Juntos, o Repetro e o Repetro-Sped reduzem o custo de produção do setor de petróleo e gás desde 1999 e completaram este ano duas décadas de existência. Em 2019, o incentivo fiscal para o setor foi estendido por mais 20 anos, até 2040.

A renúncia fiscal concedida ao setor de produção de petróleo e gás não é exclusiva à Petrobras. A participação da Petrobras na produção tem diminuído continuamente com a intensificação da participação de petroleiras estrangeiras. Em 2019, operaram 63 empresas, todas beneficiárias deste Regime Especial de tributação.

“Se ano passado tivéssemos recolhido esse valor, hoje poderíamos pagar o auxílio emergencial a mais pessoas.”

Segundo o Inesc, os R$ 28 bilhões poderiam aumentar o número de beneficiados pelo auxílio emergencial de R$600 em 15 milhões de pessoas durante 3 meses. Cabe lembrar que a renda básica destinada aos brasileiros em situação de vulnerabilidade social durante a pandemia foi uma conquista da campanha Renda Básica Que Queremos, liderada por cinco organizações da sociedade civil, entre elas o Inesc. A cifra também é próxima do valor anual do Bolsa Família (R$ 30 bilhões).

O Repetro

O Repetro é um regime aduaneiro de exportação e importação de bens que se destina às atividades de pesquisa e de lavra das jazidas de petróleo e gás natural. O regime engloba a suspensão de cobrança de uma série de impostos[1] às modalidades: (i) exportação ficta (sem que ocorra a saída do bem do território aduaneiro); (ii) admissões temporárias; (iii) importação de matérias-primas sob o regime de Drawback, produtos semi-elaborados ou acabados e partes ou peças, para a produção de bens a serem exportados sem saída do território aduaneiro.

No final de 2017, a criação do Repetro-Sped a partir da Lei 13.586 possibilitou a suspensão total de tributos federais relativos a bens cuja permanência no país seja definitiva, além de aumentar o número de bens e fornecedores que podem se beneficiar do incentivo.

De acordo com estudo do Inesc, o Repetro é a maior renúncia fiscal concedida à produção de combustíveis fósseis no Brasil. Apesar disso, este regime não possui a mesma transparência de outros regimes tributários brasileiros, como o Simples Nacional, ao não ser estimado anualmente pela Receita Federal na Lei de Diretrizes Orçamentárias (LDO).

O Repetro é avaliado, em artigo da Universidade Federal do Rio de Janeiro, como um recurso desnecessário para garantir a lucratividade do setor, pois alguns campos do Pré-Sal seriam rentáveis sem quaisquer subsídios. A existência do Repetro se converte, nesse sentido, em lucros extraordinários para as empresas petroleiras e em redução da participação do governo na renda oriunda da exploração do petróleo.

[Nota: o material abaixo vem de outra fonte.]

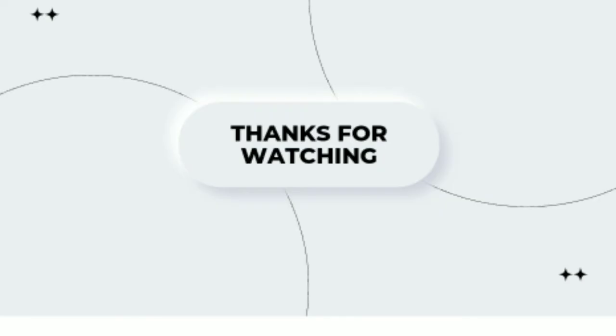Thanks for watching. If you like my recipe then like, share, comment, and subscribe.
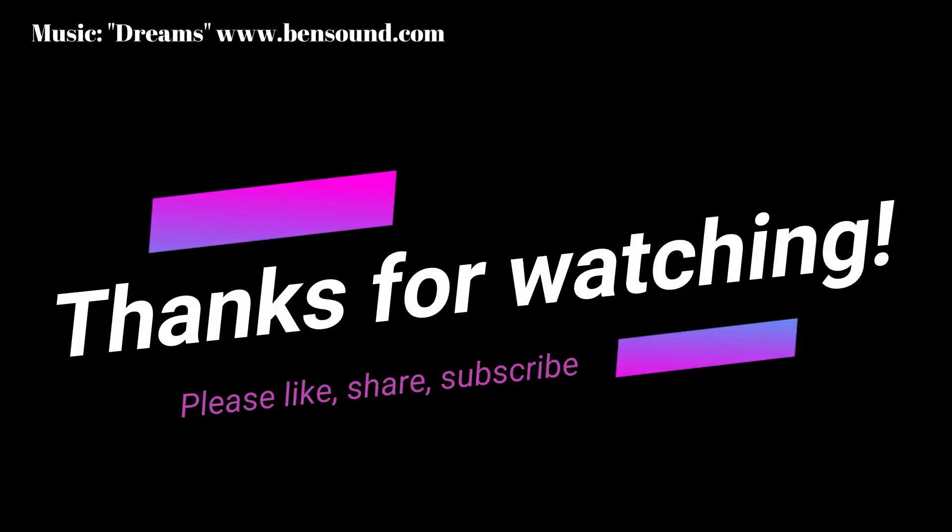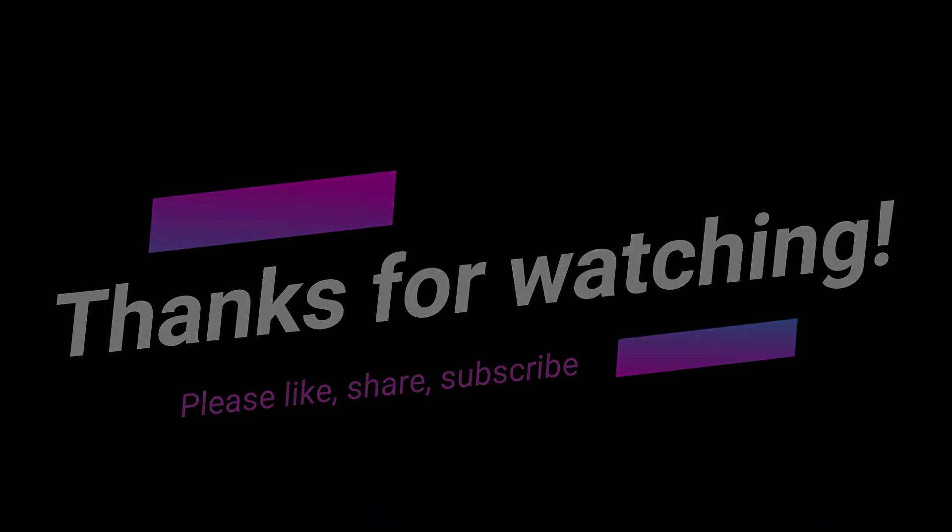Thank you so much for watching. If you want to see more then I suggest you subscribe to my channel, and if you liked this short video just hit the thumbs up. See you next time, bye!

“Essa isenção ainda retira recursos que financiam políticas públicas sociais”, explica a assessora. “O PIS e o Cofins, por exemplo, são impostos destinados, entre outras políticas sociais, à  Previdência. Com o benefício às petroleiras, esse recurso diminui.”

A questão ambiental

Muitos governos pelo mundo estão se comprometendo em reduzir subsídios aos combustíveis fósseis e estimular a economia e a energia verde como parte da estratégia de combate à crise econômica provocada pela pandemia do novo coronavírus – no que está sendo apelidado de Green New Deal.

Deste modo, o governo brasileiro segue na contramão desse acordo ao  expandir o Repetro e ignorar a necessidade urgente de revisão dos subsídios federais. “Este é um momento de toda a sociedade brasileira repensar como, para que e para quem o governo deve fornecer incentivos fiscais”, conclui Livi.

O Brasil é um dos maiores produtores de petróleo do mundo, com uma produção de petróleo e gás crescente e lucrativa, o que reflete em uma ascendente emissão de CO2.

>>> Leia reportagem da Folha de S.Paulo sobre estes dados levantados pelo Inesc

[1] Imposto de Importação, Imposto sobre os Produtos Industrializados, PIS/COFINS e Adicional ao Frete para Renovação da Marinha Mercante.